El Pantano, La Zona, es esa psique freudiana que se defiende del ansia de aprendizaje de sí o autofagia, pueril aspiración al conocimiento. El componente punk de EEG consiste en que en este no-lugar lo vivo y lo vivo existen en continuidad en el relieve único de la silueta de la realidad, en la medida en que no hay diferencia entre la vida inoculada, rescatada de la muerte y la razón de la locura en su delirio. Silencioso continuo que hace el compás de lo que, sin profundidad ni perspectiva, permanece, se perpetua, porque a la mirada aparece plano y, sin punto de fuga, trátase de un lienzo del medioevo en el que lo que no se ve de la realidad no es inalcanzable sino que está arrugado, oculto en un doblez desapercibido pero nunca en un al otro lado; una espeluznante pregunta por el afuera sobre el escalón de la sospecha del no hay. El pantano es organismo vivo cuyo cuerpo está hecho de cadáveres, para decirlo sin rodeos.  

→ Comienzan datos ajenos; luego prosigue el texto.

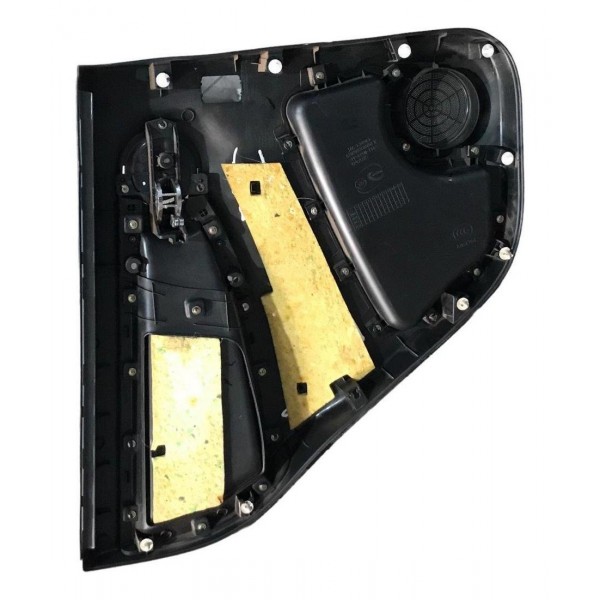 Forro Porta Traseira Passageiro Jac J2 1.4 2014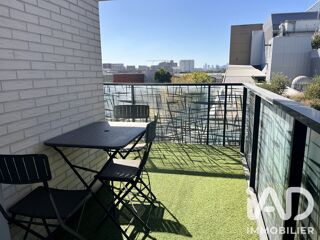  Appartement à vendre 3 pièces 63 m²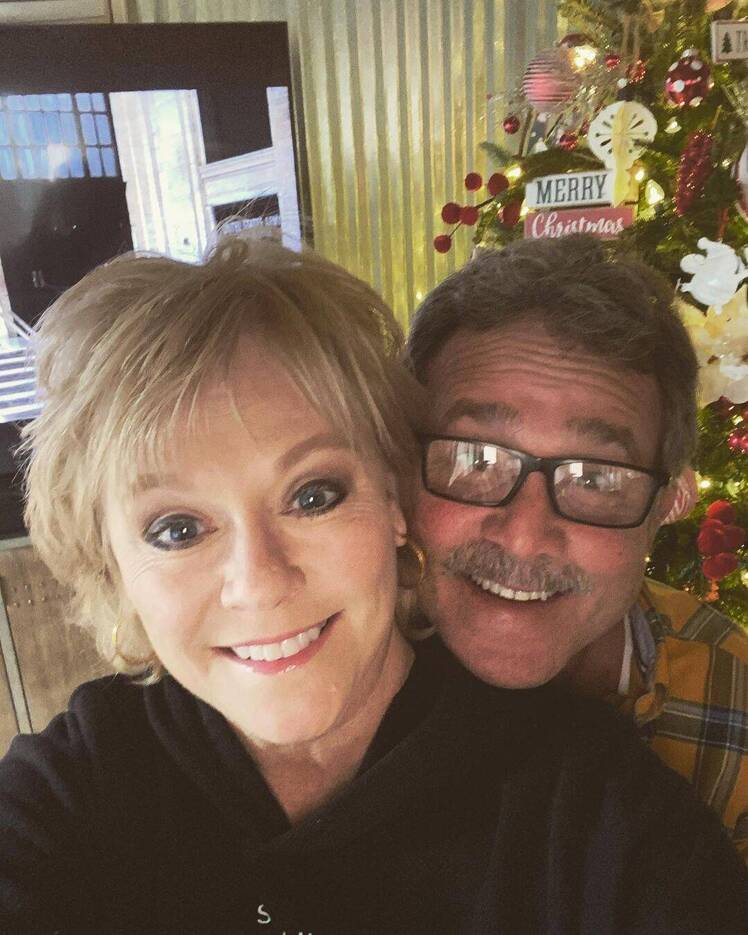 ‘Teen Mom’ Alums Jen and Larry Edwards Are Loyal Parents: Meet Their Son, Grandchildren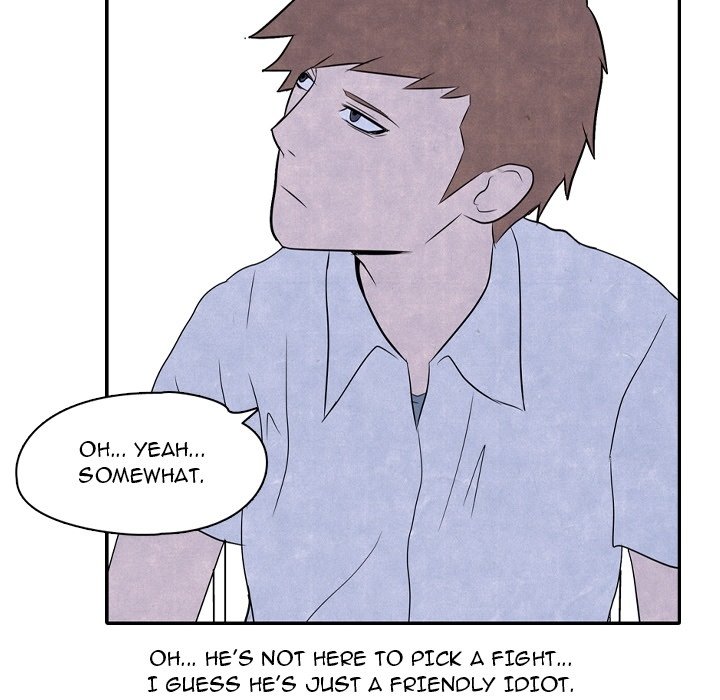 High School Devil - episode Prologue - 12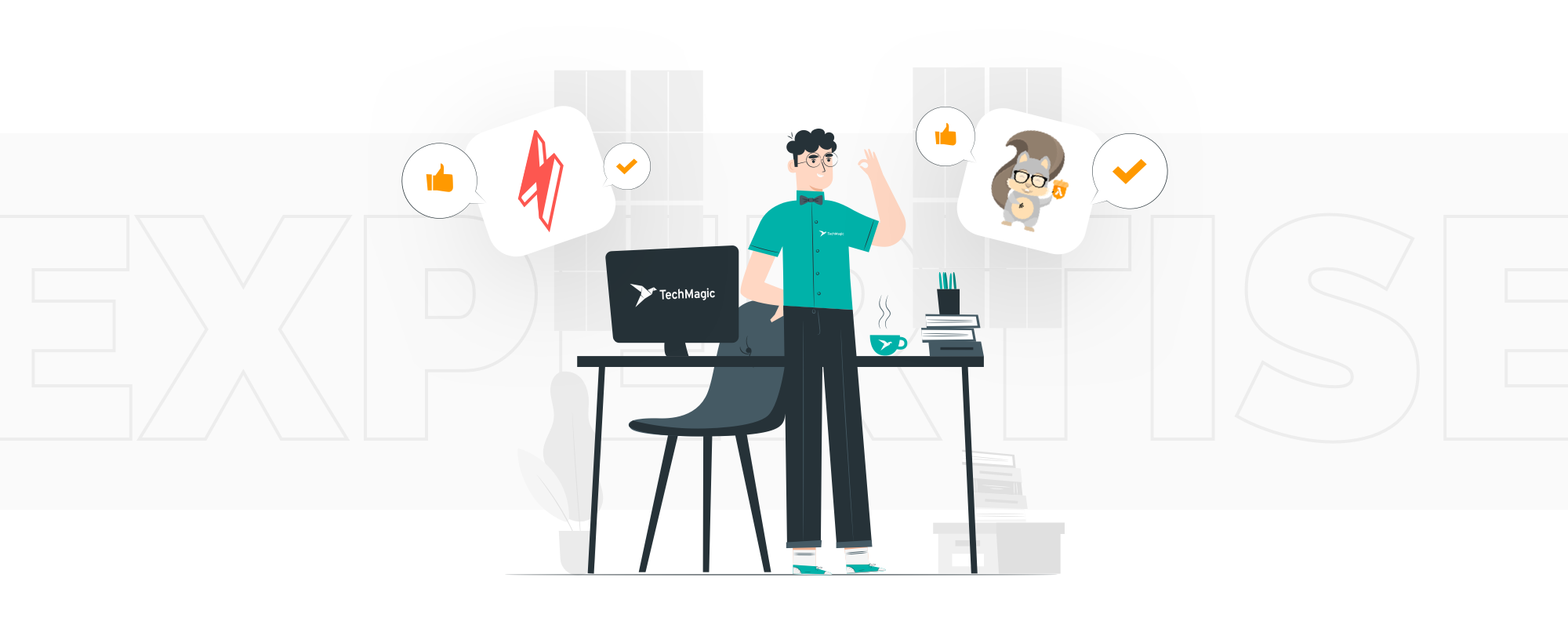 Conclusion & TechMagic’s Expertise | TechMagic.co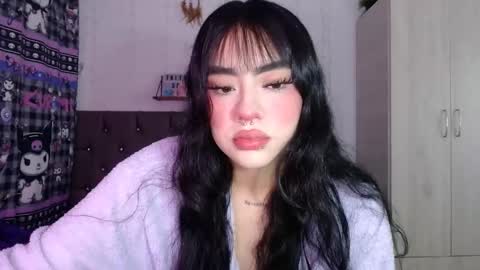 Mila online show from October 28, 5:35 am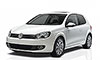 Aper&ccedil;u Volkswagen Golf Plus 2009 - 2014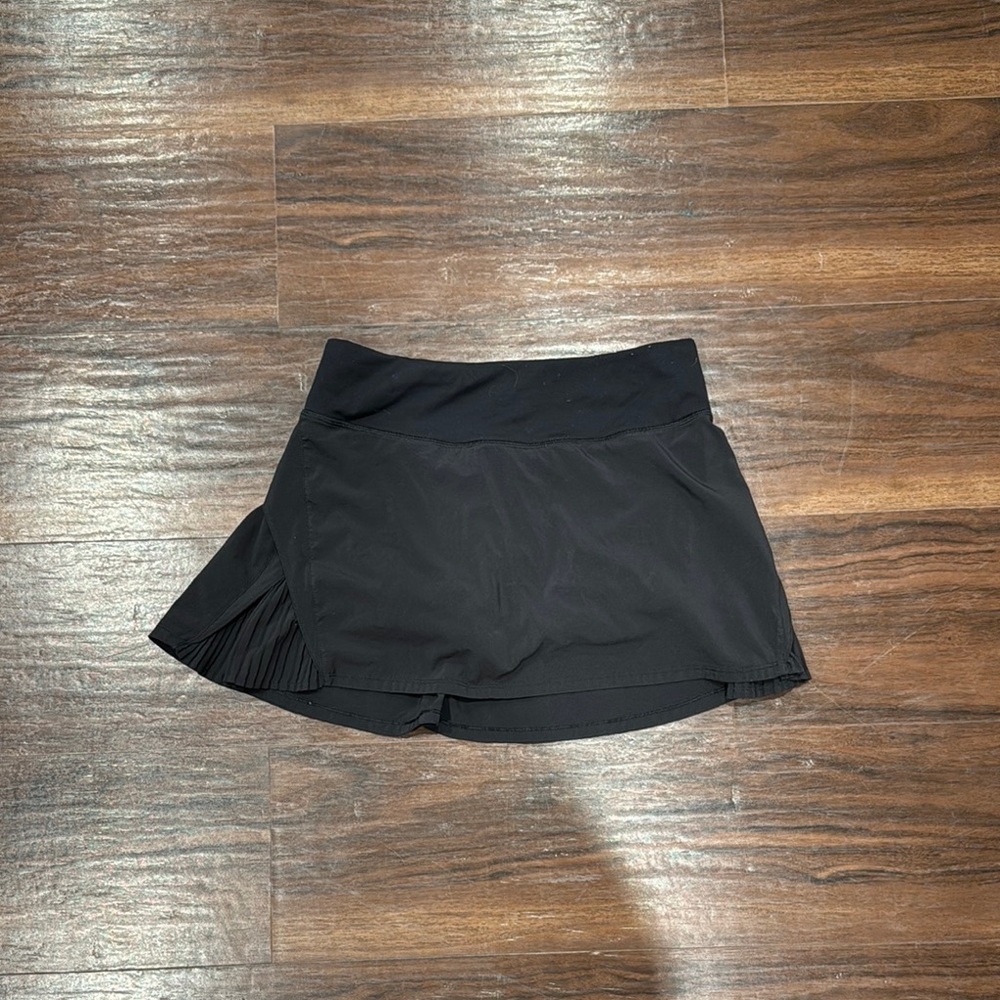 Black Women's Shorts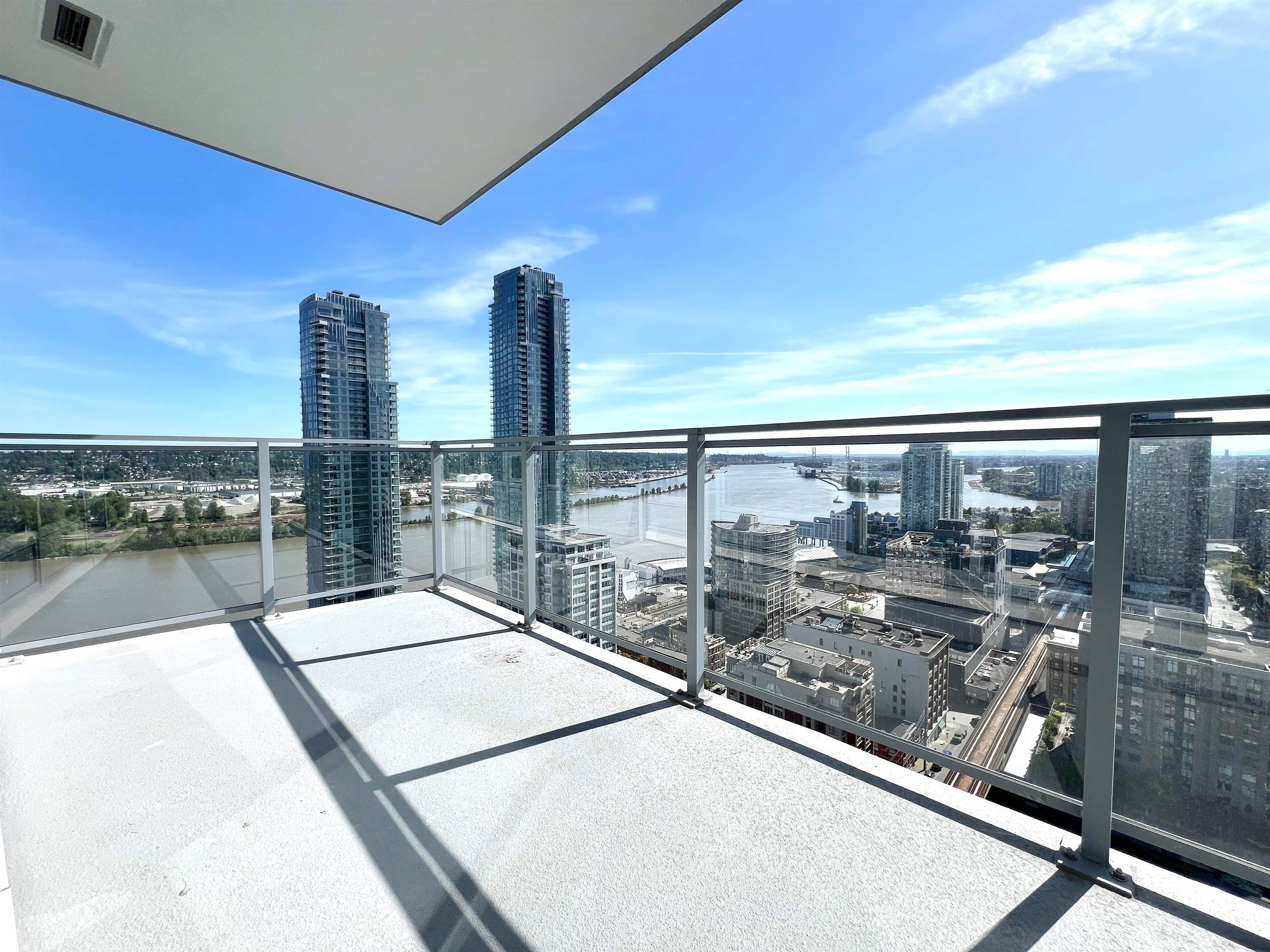 2306 - 618 Carnarvon Street, New Westminster, V3M 1E9 — photo 3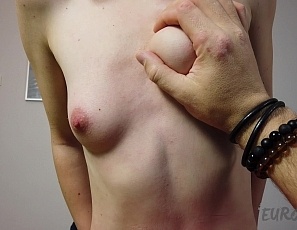 072120_hot_petite_ginger_new_model_thumbelina_giving_handjob_blowjob_and_gets_hot_cum_on_her_face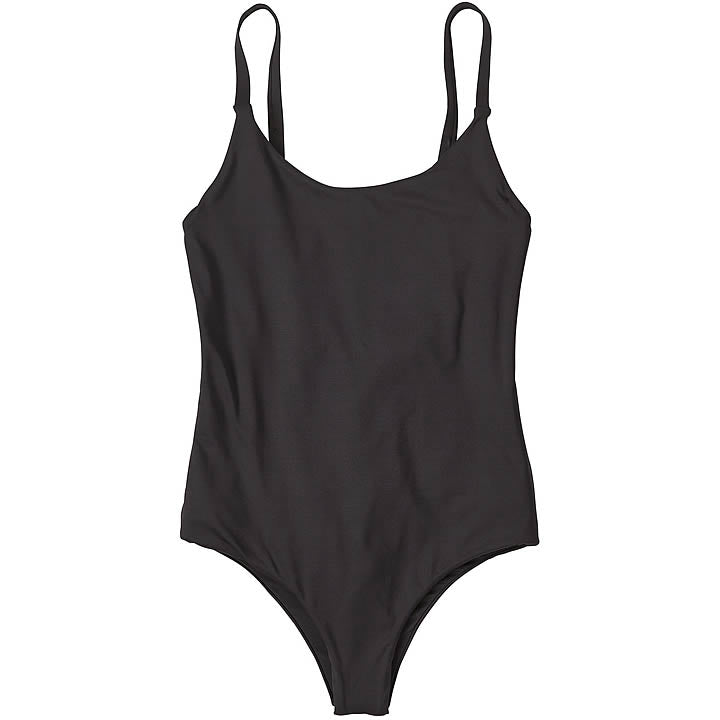 Women's Sunny Tide 1pc Swimsuit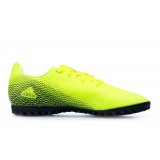 adidas Performance SUPERLATIVE X GHOSTED.4 TURF BOOTS FW6917 Λαχανί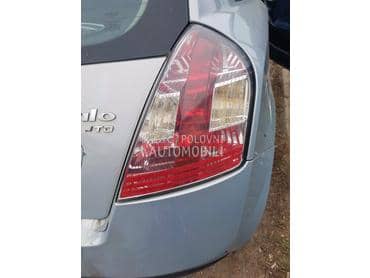 Desno stop svetlo za Fiat Stilo od 2001. do 2007. god.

Finalmente, en esta guerra entre el pathos y el régimen de las costumbres de la cultura y de la ciencia sobre los cuerpos, triunfa (¡sorpresa!) la sociedad, ese ensamblaje de hierro inerte; lo que no excluye que, por ahí, en los pliegues, y es importante no decir: en las lindes, merodea el carromato con las secreciones de la vida en común, de aquella pseudogotinga con la que Gotinga se defiende del - como diría Crespi en Tres realismos- “corso demagogo de las etnografías pequeñoburguesas contemporáneas” (54).